[Start of Attachment]

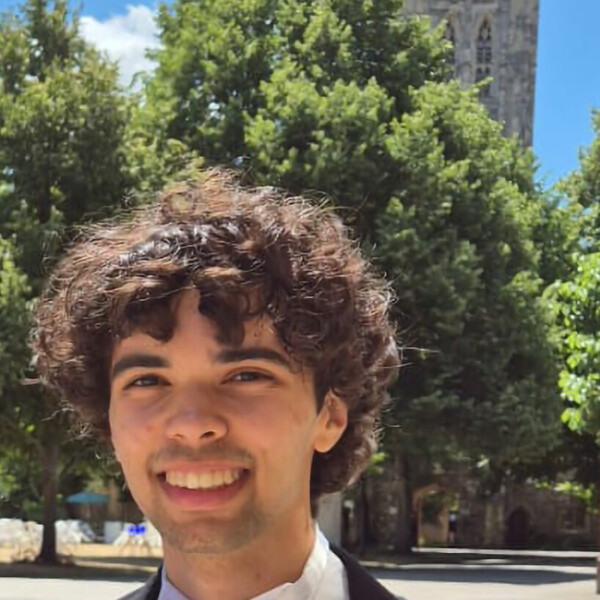 Ayan - Biology tutor - London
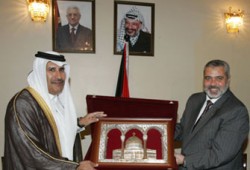 غارات على غزة وشهيد واعتقالات بالضفة وتعثر كبير بمفاوضات حكومة الوحدة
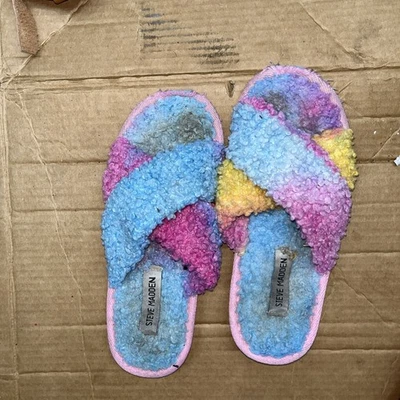 Steve Madden Cotton Candy slippers Size 7 Good Show Just Needs Wash - Image 1 of 3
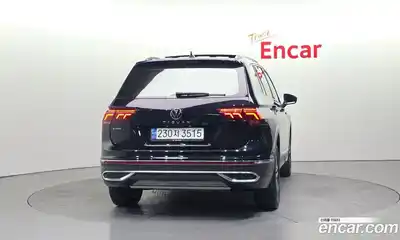 Volkswagen Tiguan 2022 2.0 гидро в Москве № 1197874, миниатюра 4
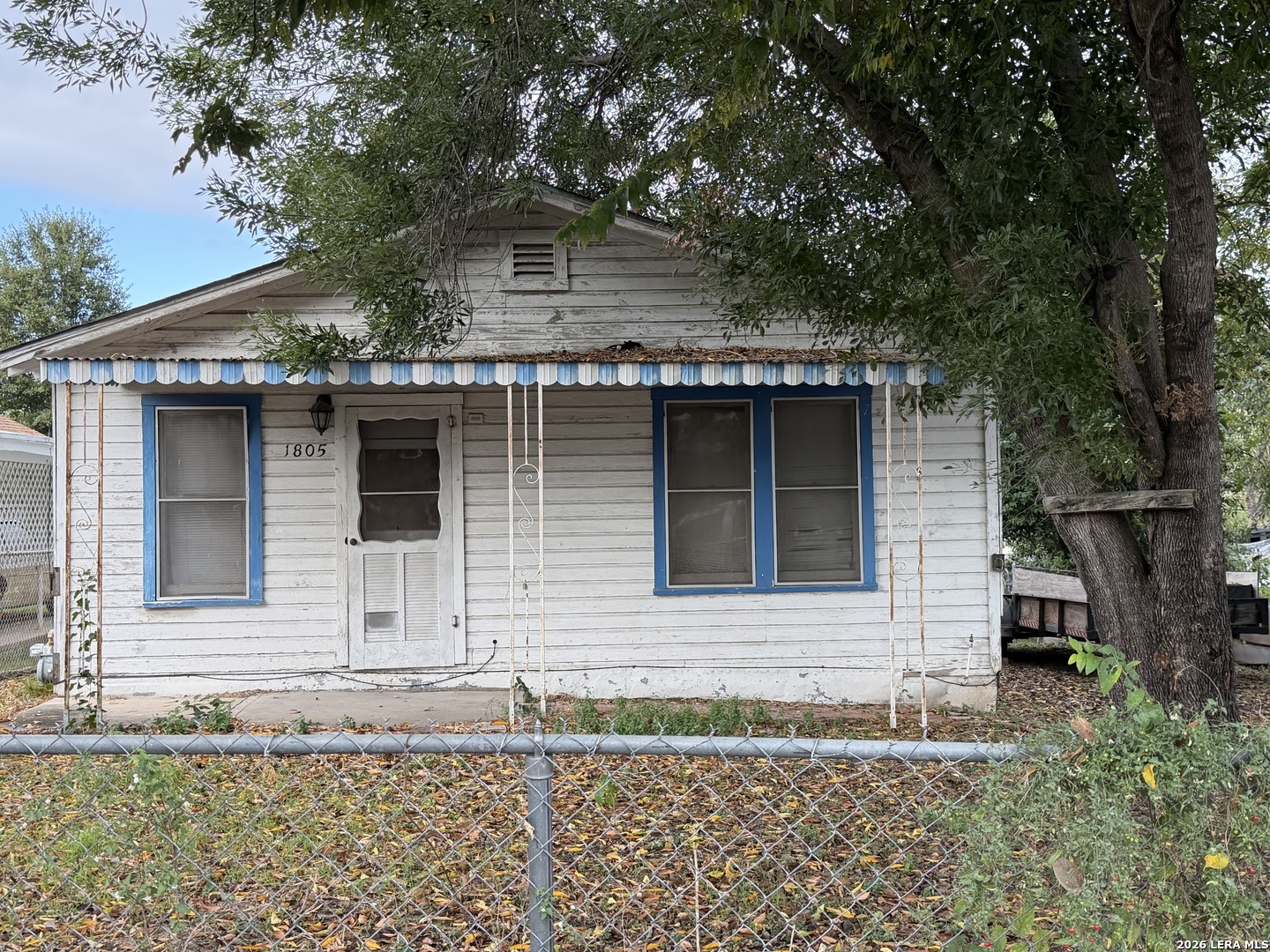 1805 PEREZ ST
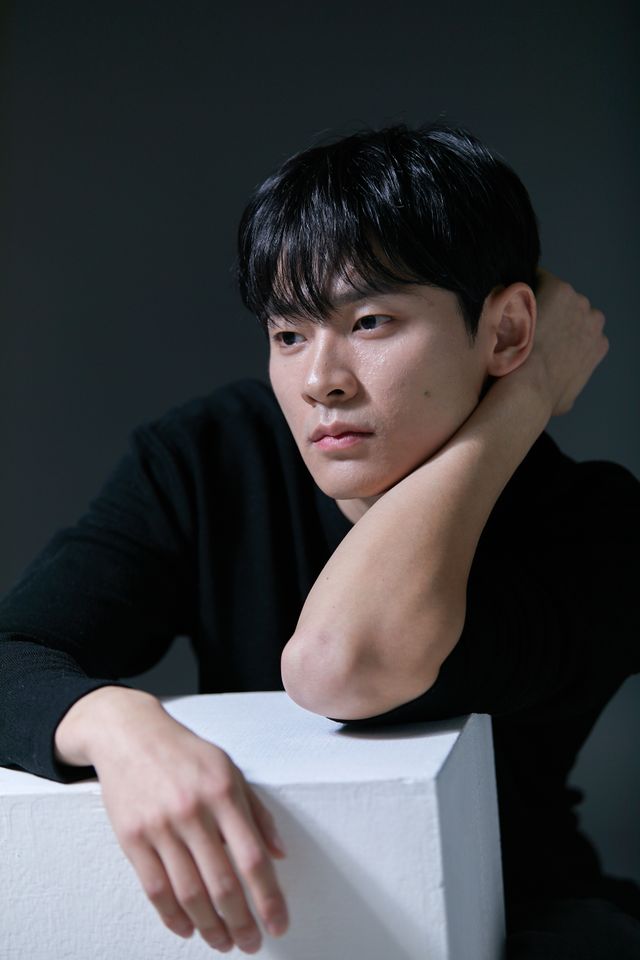 황영국 Thumbnail image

[End of Attachment]

TASK OBJECTIVE |
Write out the entries above verbatim; the pictures do not belong in your copy.

EXERCISE SOLUTION |
 Ayan - Biology tutor - London
 غارات على غزة وشهيد واعتقالات بالضفة وتعثر كبير بمفاوضات حكومة الوحدة
 Steve Madden Cotton Candy slippers Size 7 Good Show Just Needs Wash - Image 1 of 3
 Volkswagen Tiguan 2022 2.0 гидро в Москве № 1197874, миниатюра 4
 1805 PEREZ ST
 황영국 Thumbnail image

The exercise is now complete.